_TASK GOAL:_
What you return must be the lines from the first one below through the one containing "PRINTED FLARE PANTS", exactly and with pictures excluded.

_INPUT DATA:_
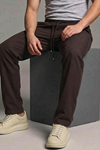 Erkek Esnek Casual Kahve Baggy Pantolon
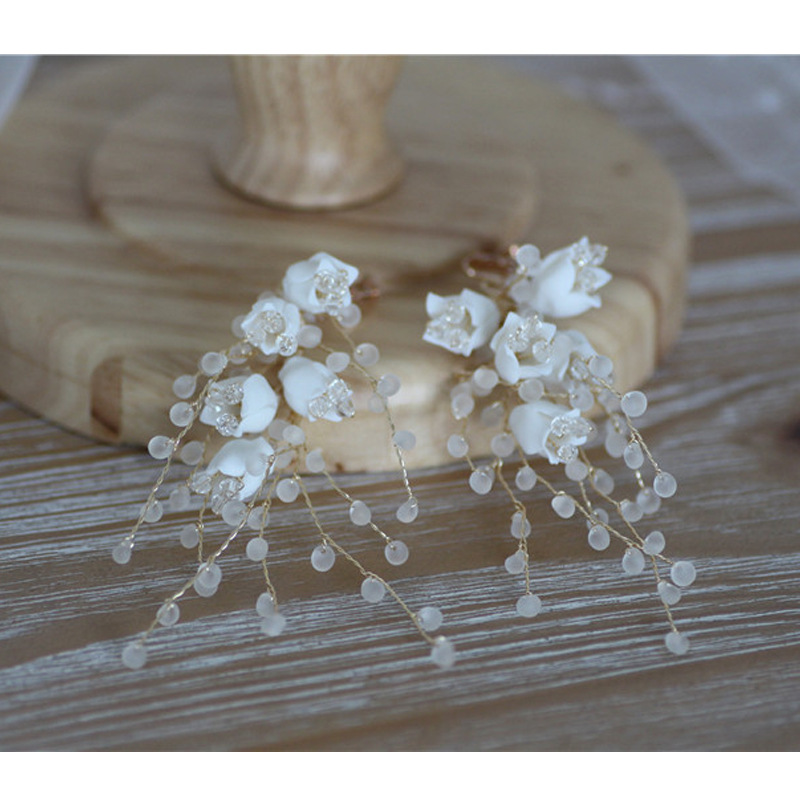 New Ceramic Bridal Headgear Original Design Handmade Crown Earrings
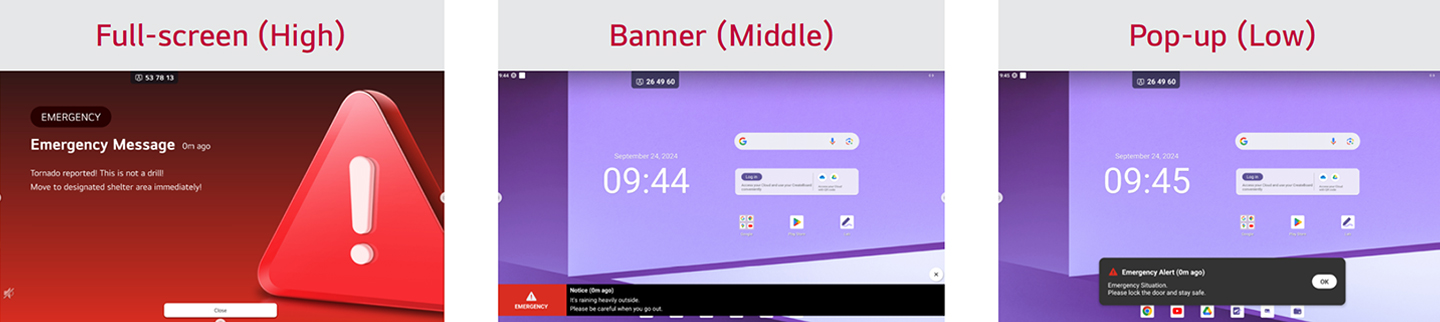 Using CAP settings, emergency alarms or warnings are automatically sent to devices during disasters. Based on the urgency and severity, the messages are displayed in full screen, centered, or at the bottom of the screen. This image illustrates such a scenario.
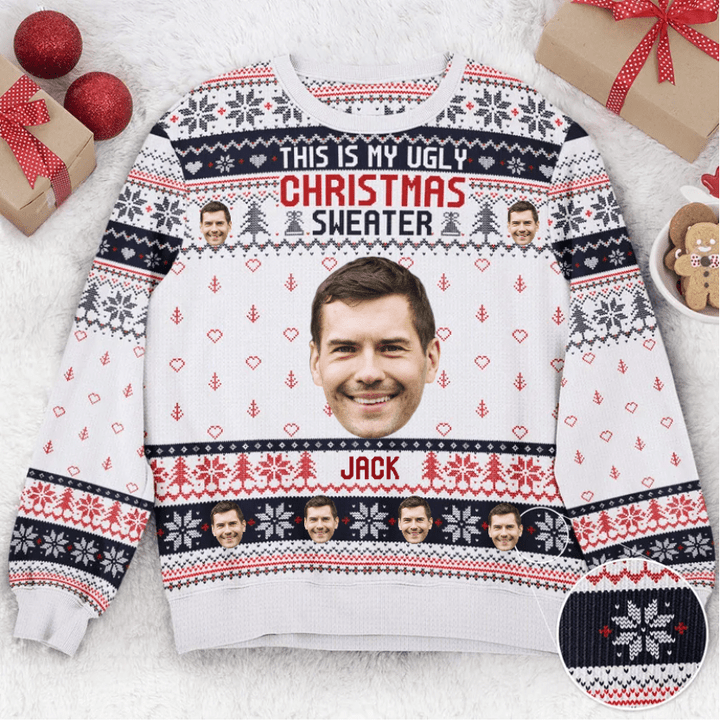 This Is My Ugly Sweater Christmas Sweater - Personalized Upload Photo Ugly Sweater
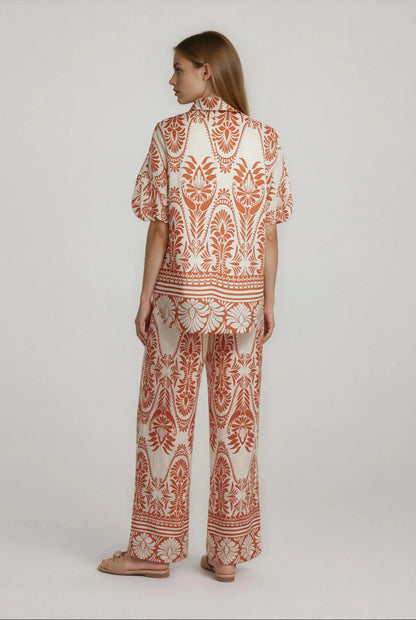 PRINTED FLARE PANTS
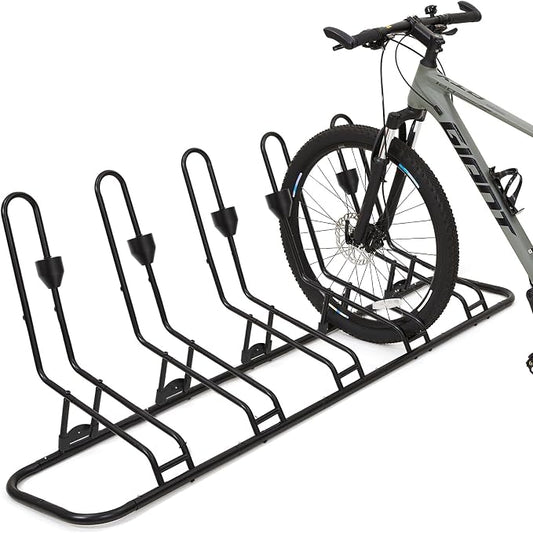 Kingarage Floor Bike Rack for 5 Bikes, Safeguard Disc Brakes & Derailleurs Design, Waterproof Bicycle Stand Indoor/Outdoor/Garage Use, Fits 12"-29" Tires, Upgraded 0.63" Steel Tubes for Stability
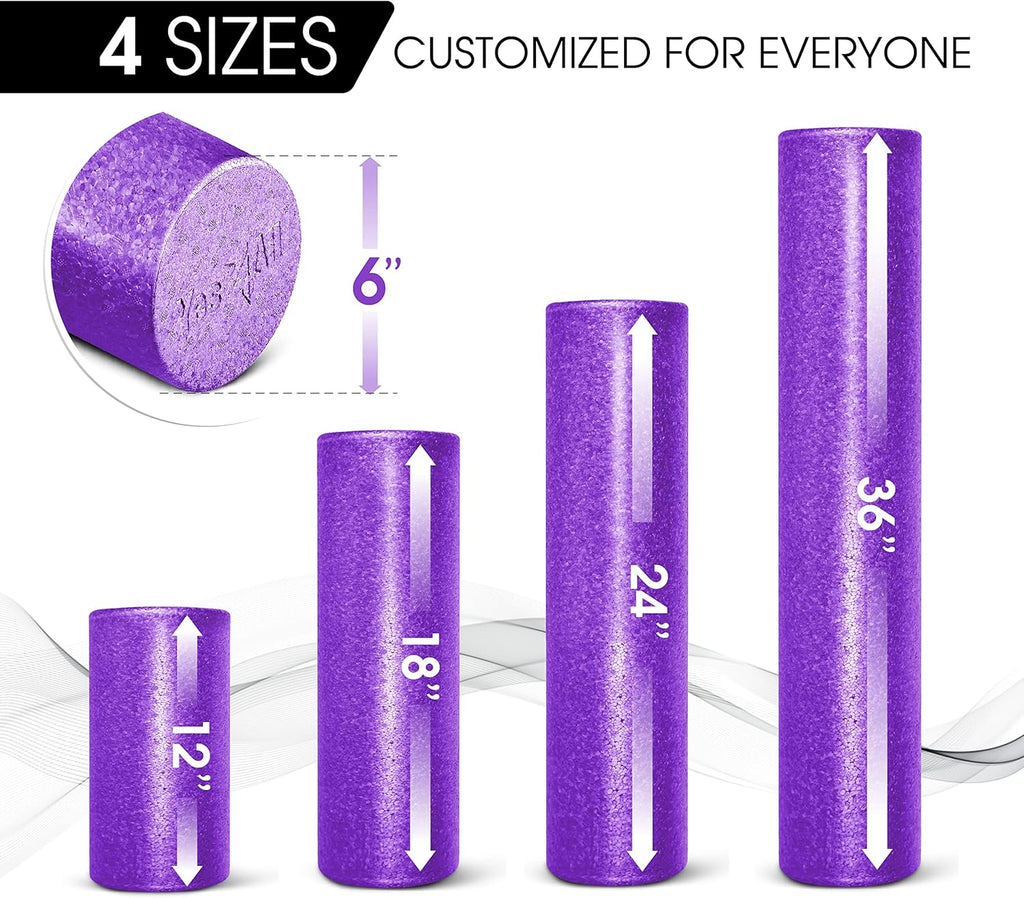 Yes4All High-Density EPP Foam Roller - Ideal for Yoga, Pilates & Stretching | 12, 18, 24, 36 Inch Sizes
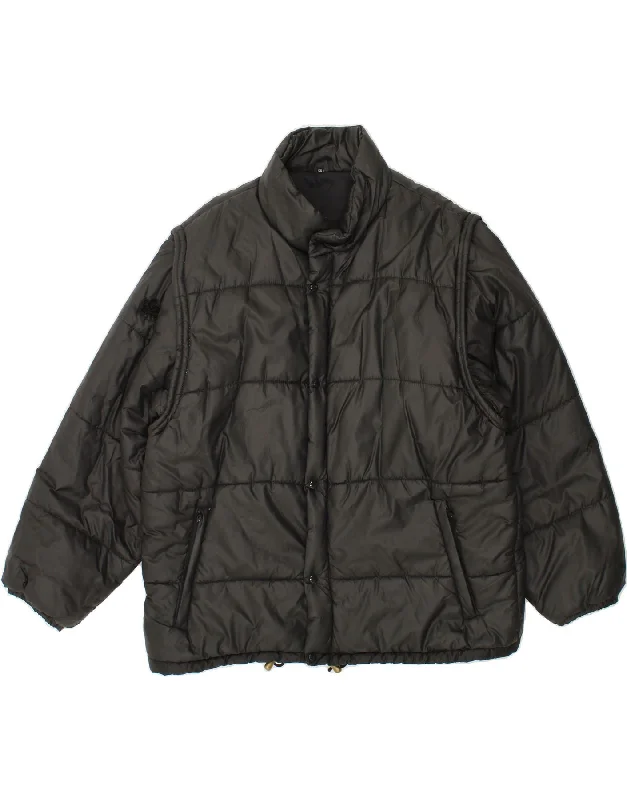 men's double-breasted jackets -BRUGI Mens Padded Jacket IT 56 3XL Black Polyester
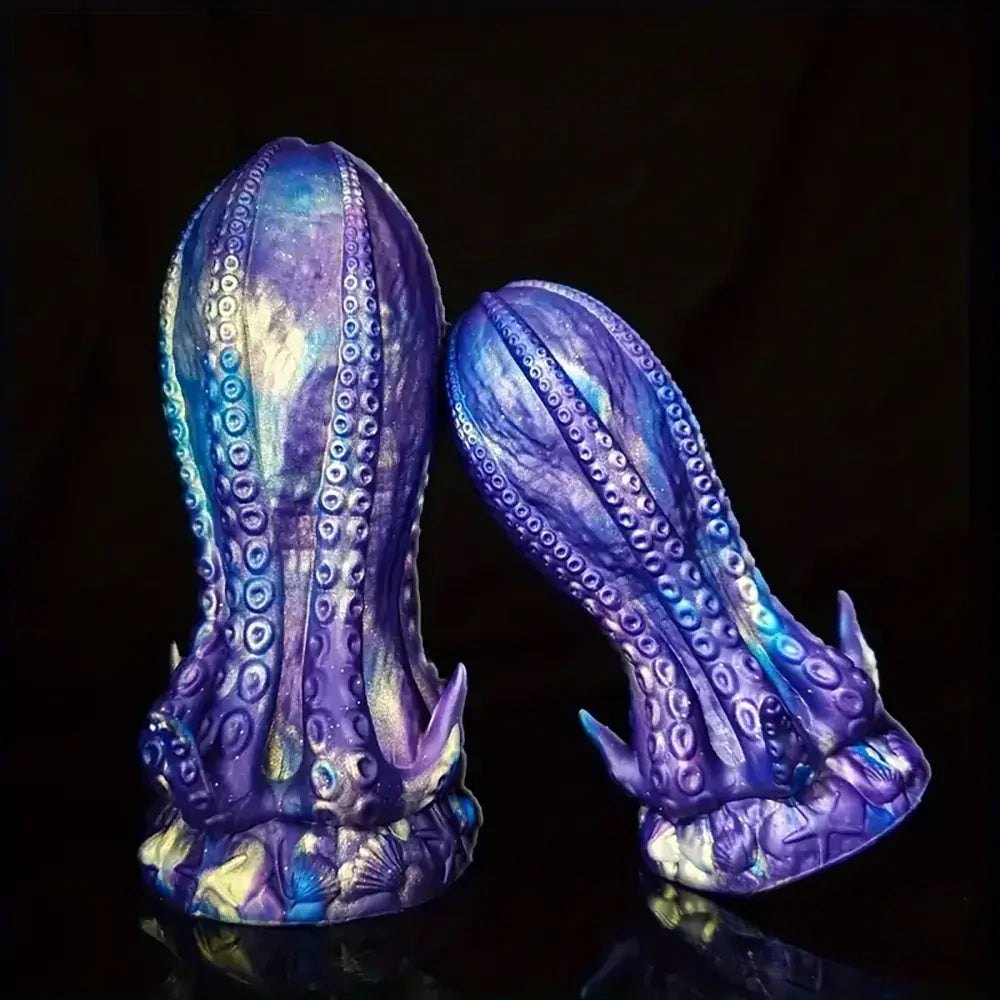 Purple and blue octopus tentacle silicone dildo, photo 4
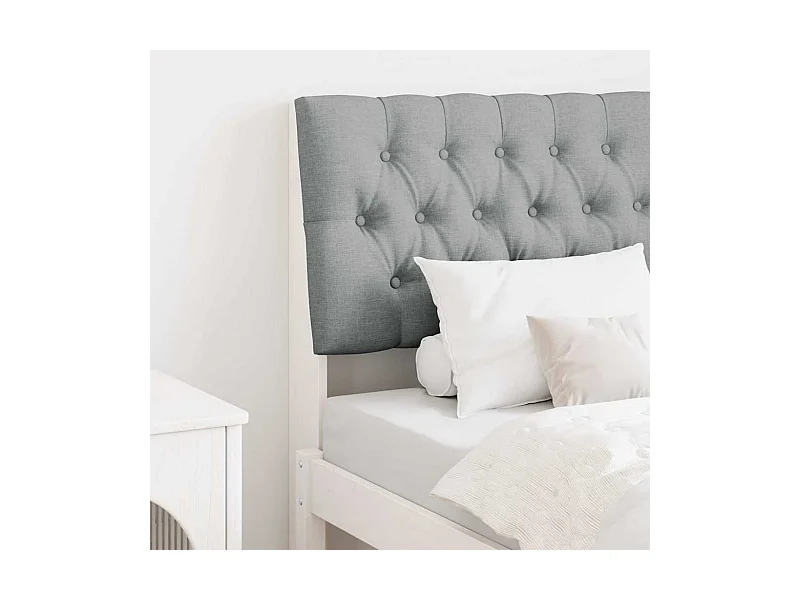 Tête de lit capitonnée Gris clair 80 cm Pin massif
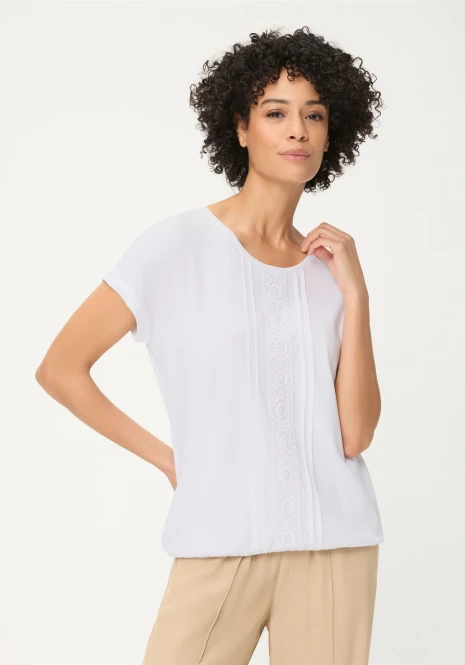 TENCEL™ Modal Biała bluzka damska Clara z haftem – Sun Kissed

_OUTPUT FOR THIS EXERCISE:_
 Erkek Esnek Casual Kahve Baggy Pantolon
 New Ceramic Bridal Headgear Original Design Handmade Crown Earrings
 Using CAP settings, emergency alarms or warnings are automatically sent to devices during disasters. Based on the urgency and severity, the messages are displayed in full screen, centered, or at the bottom of the screen. This image illustrates such a scenario.
 This Is My Ugly Sweater Christmas Sweater - Personalized Upload Photo Ugly Sweater
 PRINTED FLARE PANTS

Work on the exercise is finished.